O romance de memórias volta à cena na página 109, com a pergunta sobre como o capítulo sete do livro de Machado de Assis, citado acima, pode se relacionar com as viagens

que o livro apresenta. Logo a seguir, está em destaque uma lista com títulos de romances de memórias produzidos por escritores brasileiros. Nessa instrução não houve menção à forma como o gênero memórias é produzido, revelando a sua função social. Dessa forma, essa instrução se caracteriza como uma prática de leitura e escrita que não desenvolve plenamente o letramento crítico dos alunos.

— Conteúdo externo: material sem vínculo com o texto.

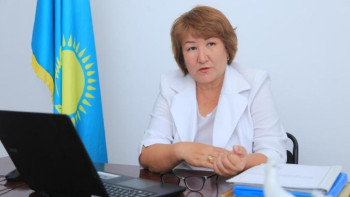 Фотография к новости: Сәуле Дүйсенова: Торғайда демалуға да, таным кеңейтуге де болады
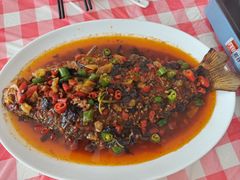 -巴陵全鱼席(湖南老字号汴河街店 )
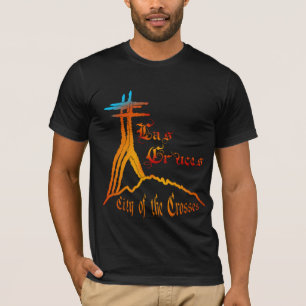 Camiseta Las Cruces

As instruções desse capítulo levam os alunos às reflexões genéricas sobre a formação dos mundos, sobre as memórias pessoais e as encontradas em obras da literatura brasileira. Perde-se, aqui, uma oportunidade de incentivar o pensamento crítico quanto aos temas polêmicos encontrados em discursos históricos e literários, por exemplo, os discursos velados que comprometem o real conhecimento da história e a não-informação sobre as descobertas científicas que poderiam abreviar situações desumanas em detrimento de interesses econômicos.